(Data excerpts)
+ + +

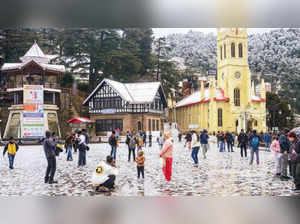 No reprieve from snow, rain in Himachal Pradesh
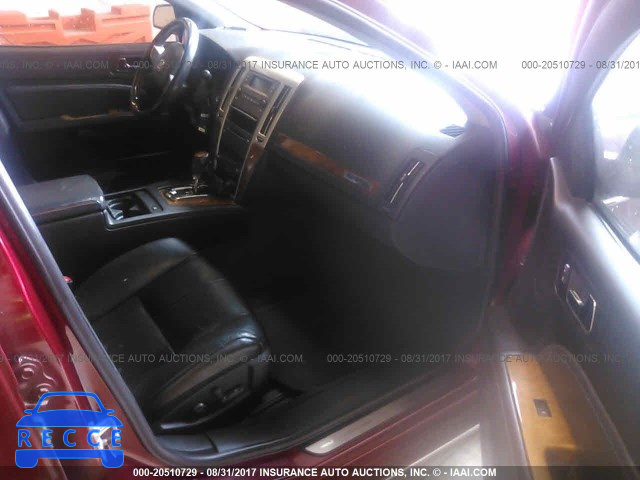 2008 Cadillac STS 1G6DC67A180202368 зображення 4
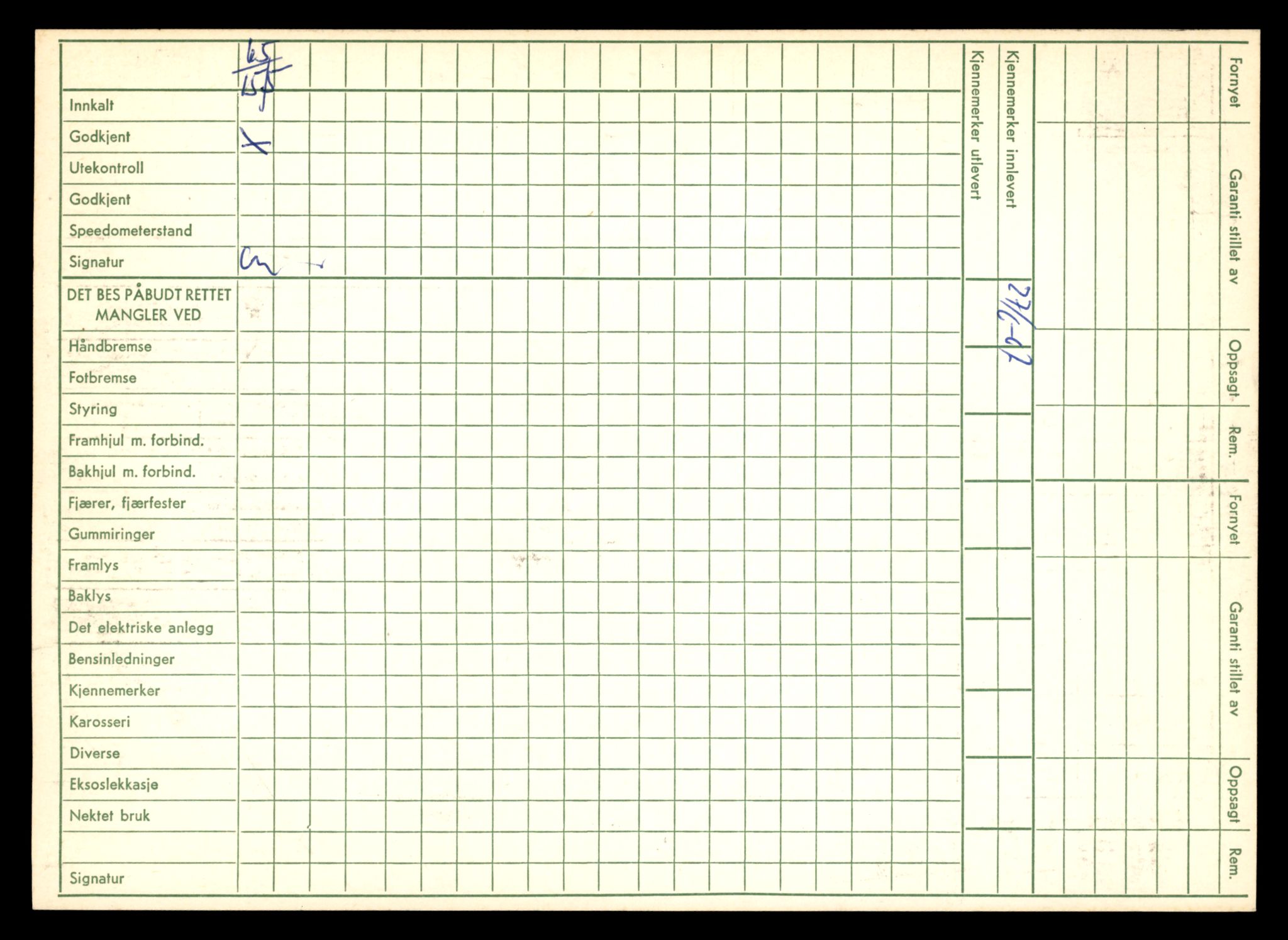 Møre og Romsdal vegkontor - Ålesund trafikkstasjon, SAT/A-4099/F/Fe/L0026: Registreringskort for kjøretøy T 11046 - T 11160, 1927-1998, s. 56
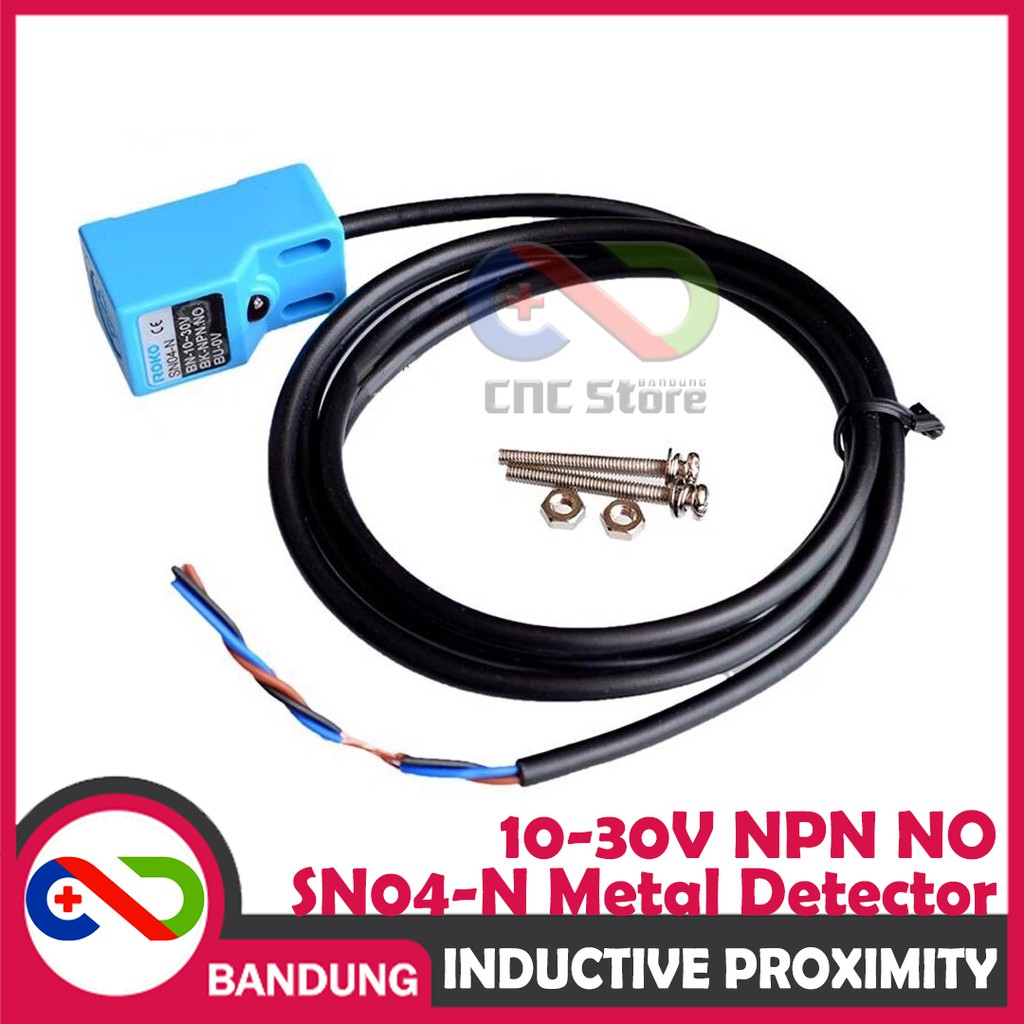 INDUCTIVE PROXIMITY SWITCH SN04N SN04P SN04Y NPN 3 WIRE SENSOR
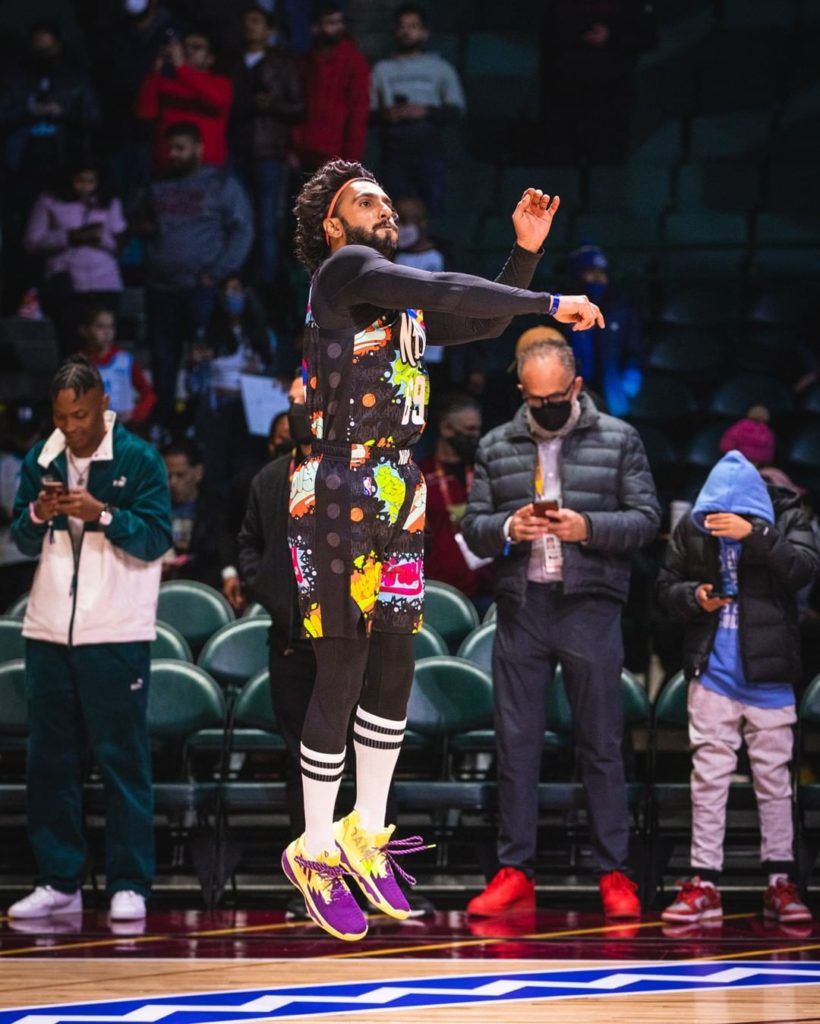 Ranveer Singh Enthralls Audience At NBA All-Star Game In Utah. Watch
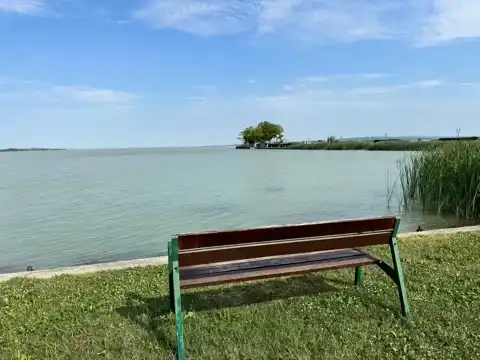 Lake Balaton shore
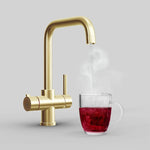 Fohen CK01CG-R Fahrenheit Champagne Gold Boiling Hot Water Tap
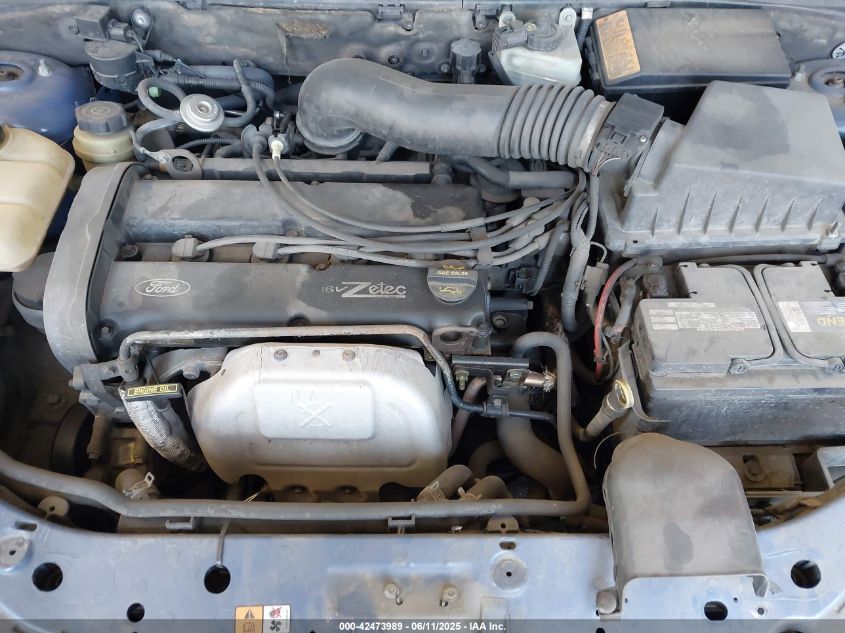 2002 Ford Focus Se VIN: 1FAFP34372W144601 Lot: 42473989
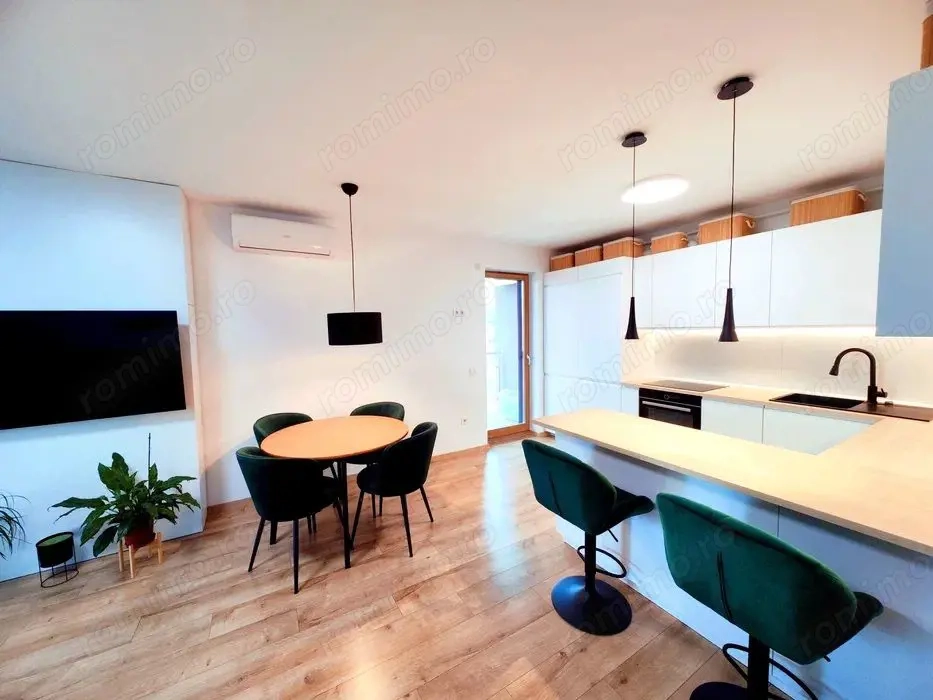 Green Residence - Inchiriere ap. 2 camere + loc de parcare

+ + +

▶ [Task instructions]
Every line from the one that holds "Ranveer Singh Enthralls" to the last line of the records above goes into the answer, exactly as written; nothing else does, and no picture does either.

▶ [Exercise solution]
 Ranveer Singh Enthralls Audience At NBA All-Star Game In Utah. Watch
 Lake Balaton shore
 Fohen CK01CG-R Fahrenheit Champagne Gold Boiling Hot Water Tap
 2002 Ford Focus Se VIN: 1FAFP34372W144601 Lot: 42473989
 Green Residence - Inchiriere ap. 2 camere + loc de parcare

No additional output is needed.